Start of Block
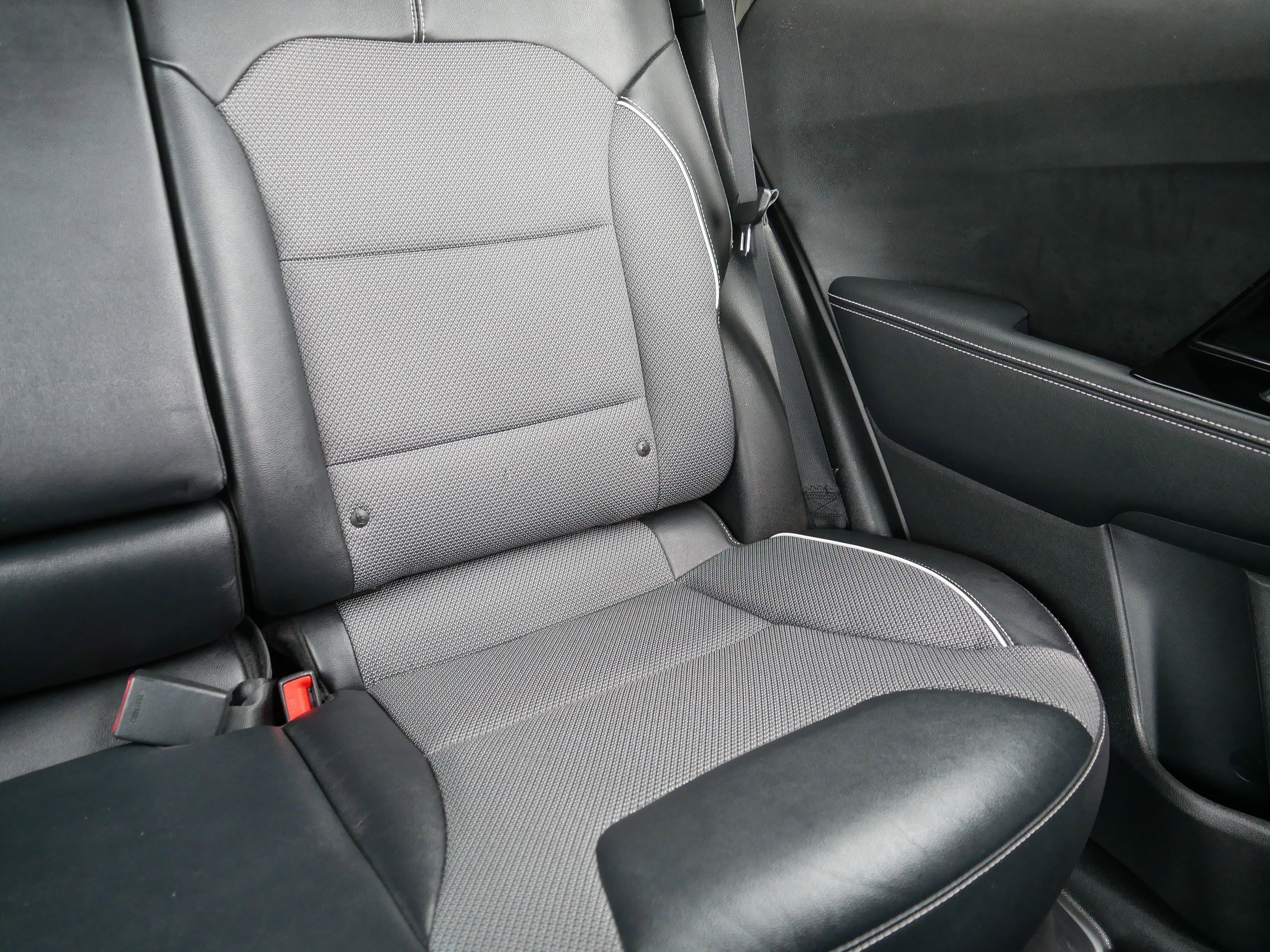 Certified 2021 Kia Niro EX w/ Cold Weather Package FWD image 14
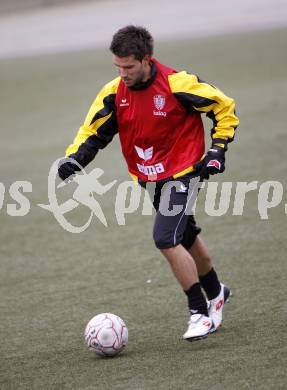 Fussball. Bundesliga. SK Austria Kaernten. Training.  Luka Elsner. Moosburg, 4.1.2010.
Foto: Kuess
---
pressefotos, pressefotografie, kuess, qs, qspictures, sport, bild, bilder, bilddatenbank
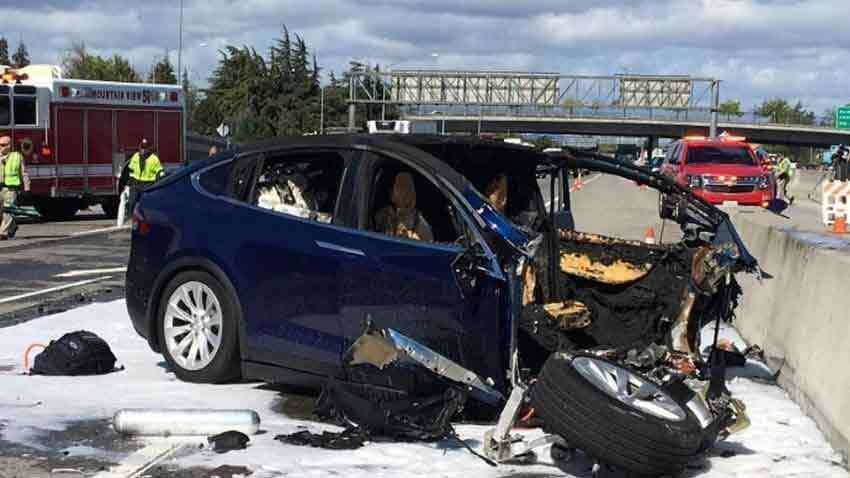 Tesla on autopilot drives into Michigan trooper&#039;s patrol car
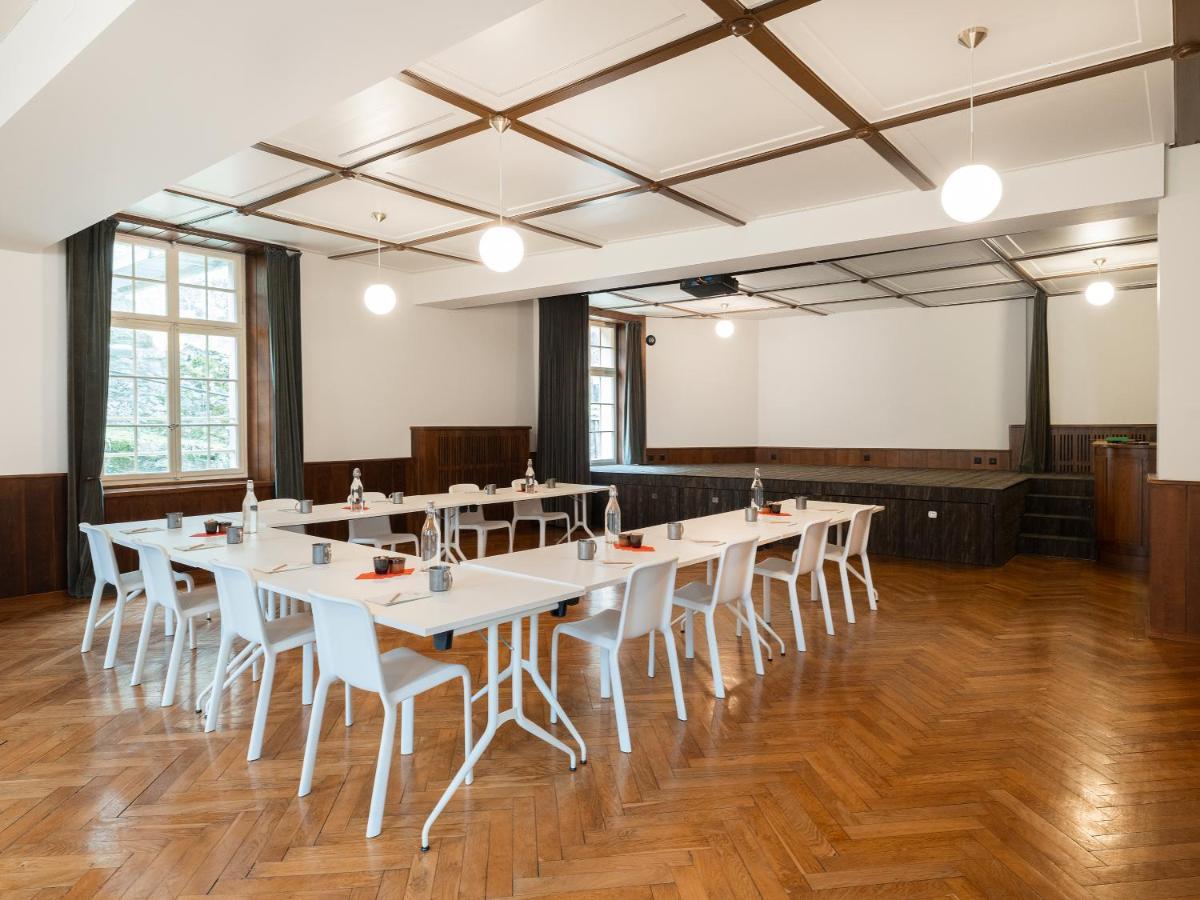 Peanut Medieval Lodge 圣乌塞恩 外观 照片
End of Block
* [WORK REQUIRED]:
Please retype the listing in full, exactly as given, and skip every image.

* [EXERCISE RESPONSE]:
 Certified 2021 Kia Niro EX w/ Cold Weather Package FWD image 14
 Fussball. Bundesliga. SK Austria Kaernten. Training.  Luka Elsner. Moosburg, 4.1.2010.
Foto: Kuess
---
pressefotos, pressefotografie, kuess, qs, qspictures, sport, bild, bilder, bilddatenbank
 Tesla on autopilot drives into Michigan trooper&#039;s patrol car
 Peanut Medieval Lodge 圣乌塞恩 外观 照片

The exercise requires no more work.